Протяжение точки | страница 15



Сочинение князя имело в Москве популярность; строгость его законов противопоставлялась русскому хаосу, тем темным токам русского моря, что недавно вышли на поверхность во время пугачевского бунта. Пугачев, наверное, «вдохновил» князя Щербатова. Отсюда эта тотальная жесткость офирского «кристалла». Вот лед, который надобен России, совсем не альпийский, но русский, московский лед.

Москва в его середине, в сердцевине русского льда. Таково ее положение на метафизической панораме мировых вод (времен).

* * *

Такое положение Москвы выглядит довольно логично — зеркально по отношению к альпийскому чертежу Ленца. (Так же логично выглядит на этом рисунке его смерть в Москве, столице льда.)

Но хотелось бы добавить еще кое-что к этой идеальной панораме; тем более что мы вспомнили Пугачева. На фоне пугачевского восстания утопия князя Щербатова и с нею имперские устроения Екатерины выглядят не как материковый лед, но как льдина, плавающая над бездной русского моря (русского бунта).

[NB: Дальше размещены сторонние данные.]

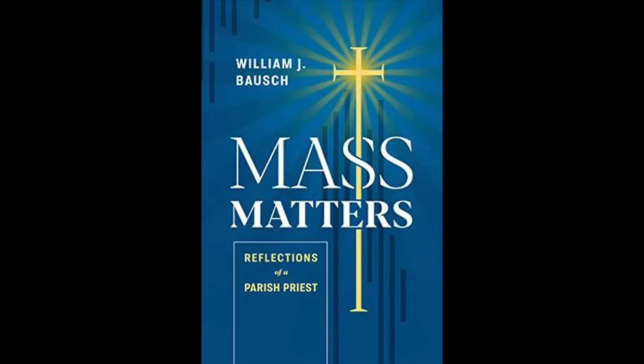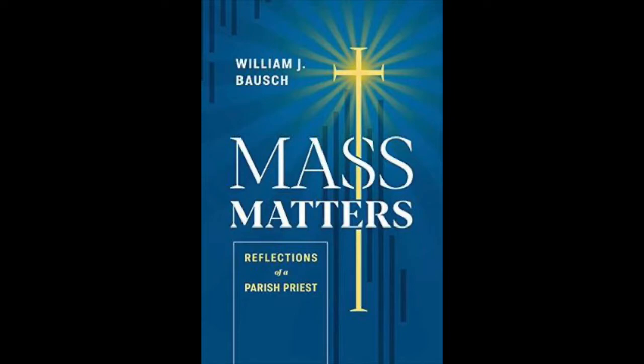Father Bausch is a retired priest of the Trenton, New Jersey Diocese, and he put together a book that really takes on some of the current problems and some of the issues that we're dealing with as a modern Catholic church in today's world and in today's society.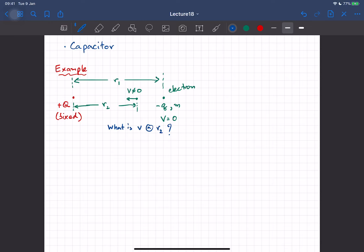There are two ways of solving this — the easy way and a harder way. I'm going to talk about the harder way first, but we're not going to solve it fully using this method because that's not our main focus. The first method is just to use F = ma, Newton's second law, and then integrate or solve using kinematics.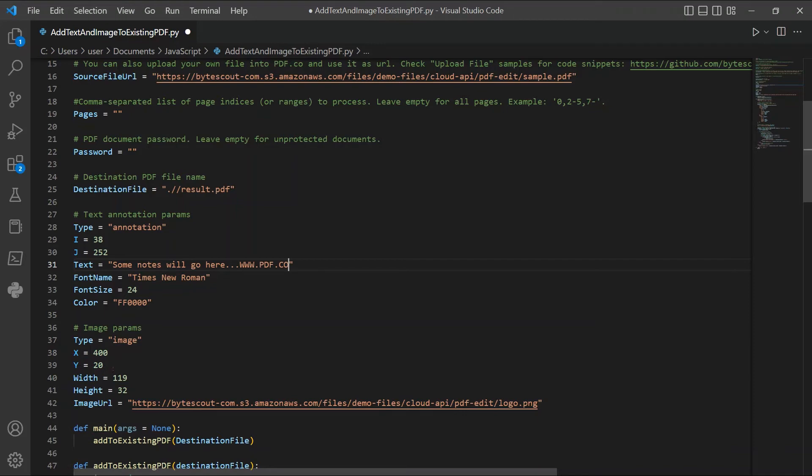In lines 40 and 41, you can specify the images width and height. In line 42, enter the image URL, or you can leave the default value.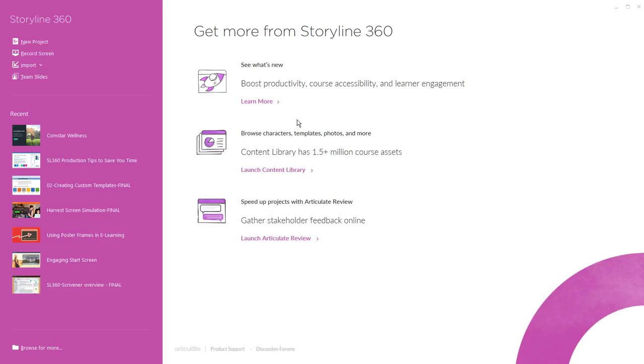Hi there, my name is David Anderson and I'd like to welcome you to getting started with Articulate Storyline 360. This series of tutorials will get you up and running quickly with Storyline 360.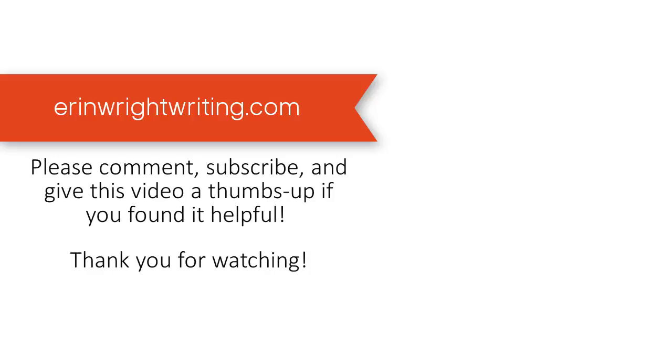You can find this tutorial in written format on my blog at ErinWrightWriting.com, which is linked below. Feel free to leave me a comment if you have a question about Microsoft Word or Adobe Acrobat that you'd like me to address in a future video. And please subscribe and give this video a thumbs up if you found it helpful. Thank you so much for watching.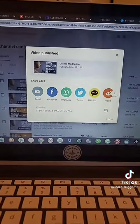Publish it, and there you go. If you want to learn more side hustles like this, follow me.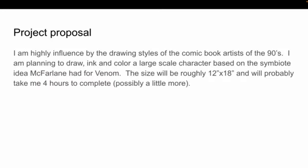I'm really influenced by the drawing style of comic book artists from the 90s, so I'm planning to draw my work as an ink and color piece, large scale, character-based, and loosely based on the symbiote idea that McFarlane had for Venom.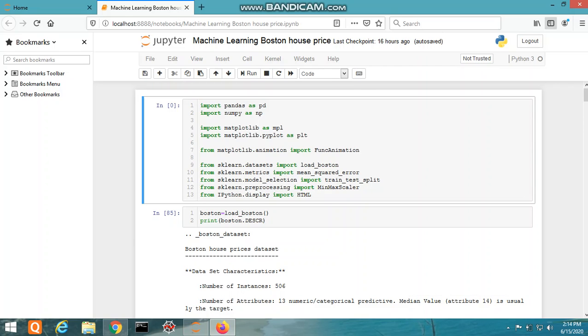In this dataset, each row describes a Boston town or suburb. There are about 506 rows and 13 attributes or features with a target price column. The libraries being used here are pandas, numpy, matplotlib, and sklearn.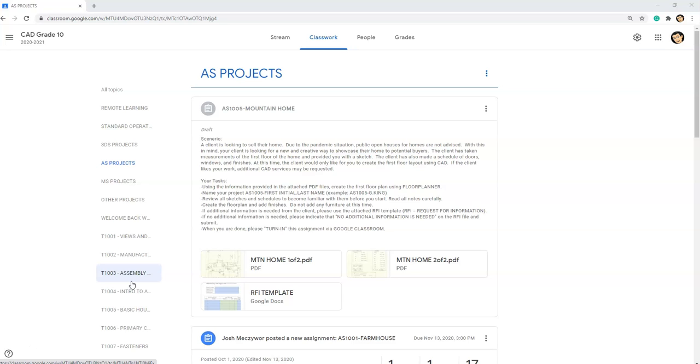Using the information provided in the attached PDF files, create the first floor plan using floorplanner.com. Name your project AS 1005 dash first initial and last name. For example, be AS 1005-G.K. Review all sketches and schedules to become familiar with them before you start. Read all notes carefully. Create the floor plan and add finishes. Do not add any furniture at this time.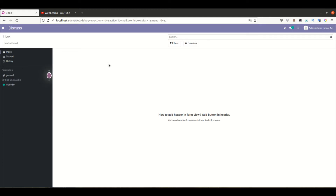Hello community, I hope you are doing good. In this discussion we will see how to add a header in the form view, plus we will also add some buttons in the header part of the form.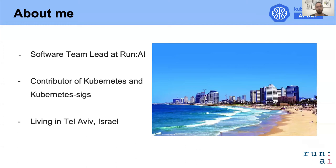First I would like to introduce myself. I'm a software team lead at Run AI. Run AI provides a compute management platform for AI workloads. I am also a contributor of Kubernetes and I live and work from Tel Aviv.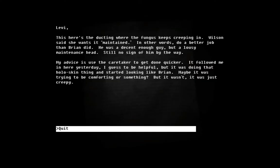Levi. This here is the ducting where the fungus keeps creeping in. Wilson says she wants it maintained. In other words, do a better job than Brian did. He was a decent enough guy, but a lousy maintenance head. Still no sign of him, by the way. My advice is, use the caretaker to get done quicker. It followed me in here yesterday, I guess to be helpful. But it was doing that hollow skin thing. It started looking like Brian. Maybe it was trying to be comforting or something? But it wasn't. It was just creepy.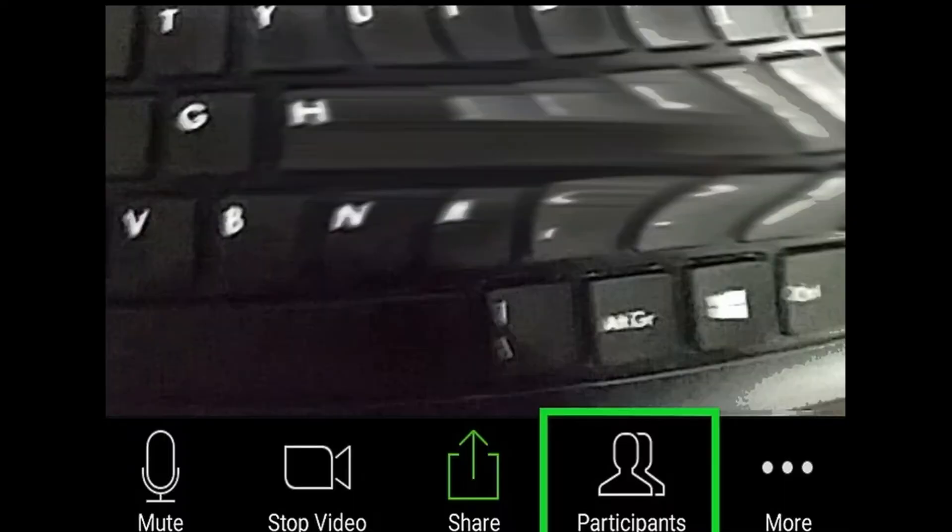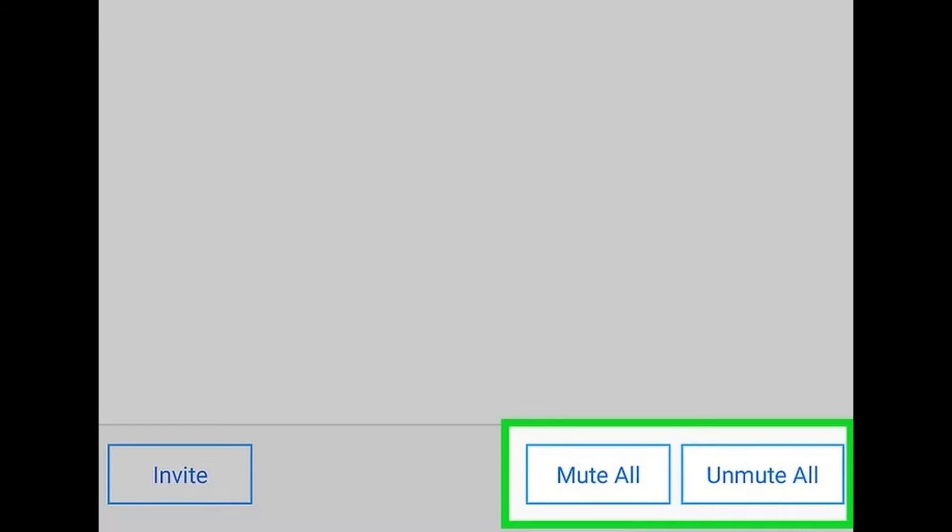Step 3: click Manage Participants. You'll see this at the top of your screen if you're on a Mac or Windows desktop. Step 4: click or tap Mute All or Unmute All. You'll see a message that current and new people in the meeting will be muted.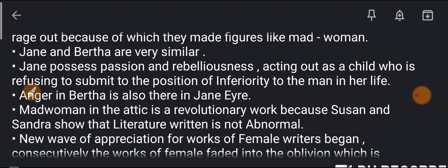The anger found in Bertha is also present in Jane. The madwoman in the attic represents a great struggle — there is a lot of anger, rebelliousness, and rage — and we see the same qualities in Jane.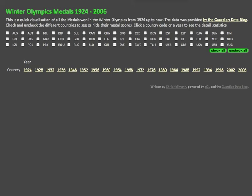Hello there, I'm Chris Heilman and I quickly wanted to show you a hack that I've done the last day. The Winter Olympics are on and I wondered what medals were won over the years and how that changed.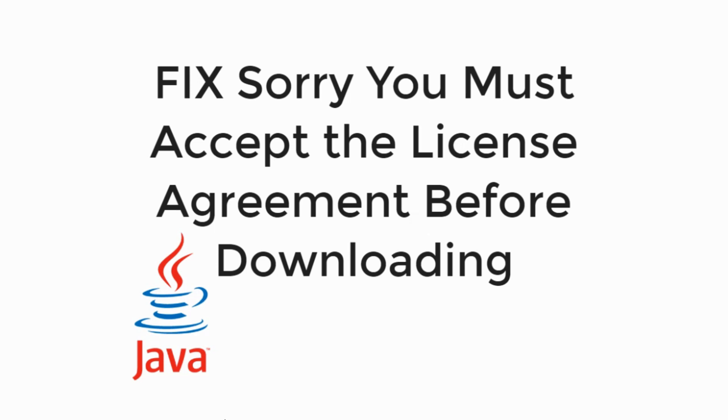In this video we will learn to fix the error 'sorry you must accept the license agreement before downloading' in Java. So let's begin.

Нетрудно различить эти ненадежность и хрупкость, если хоть однажды проехать по тем краям империи, что некогда омыло море бунта, по южному и восточному краям московской «льдины», и увидеть воочию, как неустойчивы и редки здесь фрагменты идеального имперского пространства. Они корпускулярно малы, рассыпаны редкой горстью. Тут связаны буквально слова «россы» и «россыпь»; во тьме лесов, в пустотах бескрайних полей рассеяны частицы света, самосветящие острова — городские и сельские усадьбы, явившиеся тогда вослед Пугачеву. Следы очередной русской утопии, результаты упражнений в геометрии отдельных чудаков, отнесенных судьбой на восточный край Европы, к пределу хаоса, в Тартар. Их свет по сей день так и остается дробен, не сливается в ровное и ясное сияние.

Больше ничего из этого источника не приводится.